# Alpha 1200 Server with FreeBSD 6.4



## honeymak (Apr 23, 2009)

hi folks,

i have successfully installed FreeBSD 6.4 on the oldies "DEC" Alpha 1200 server

i am a FreeBSD newbie as well
just hoping to tell folks that works
and em.......if possible.........i maybe able to help test compiling stuff in it.......but......
as u know.........it's a time consuming process........
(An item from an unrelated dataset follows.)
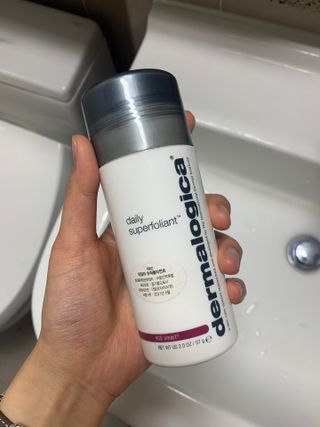 지영님이 올린 리뷰 사진 2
and i don't know much about FreeBSD commands.......:r


----------



## SirDice (Apr 23, 2009)

Unfortunately as of 7.0 support for the Alpha processor was dropped

http://www.freebsd.org/platforms/alpha.html

But I'm sure you'll have fun with 6.4 though :e


----------



## honeymak (Apr 24, 2009)

yes........and i m already facing some broken pkg
T.T.......thinking if i would continue to play with that old hardware


----------



## honeymak (Apr 24, 2009)

seems other *BSD install cd can't boot my Mylex DAC960P controller
T.T.....can't even install


----------



## mk (Apr 24, 2009)

stop using multiple dots like " .... " - it's irritating


----------



## SirDice (Apr 24, 2009)

mk said:
			
		

> stop using multiple dots like " .... " - it's irritating



I do it all the time....


----------



## VictorM (Dec 29, 2009)

there's a place for suspension points... and there is NetBSD which afaik works on Alpha


----------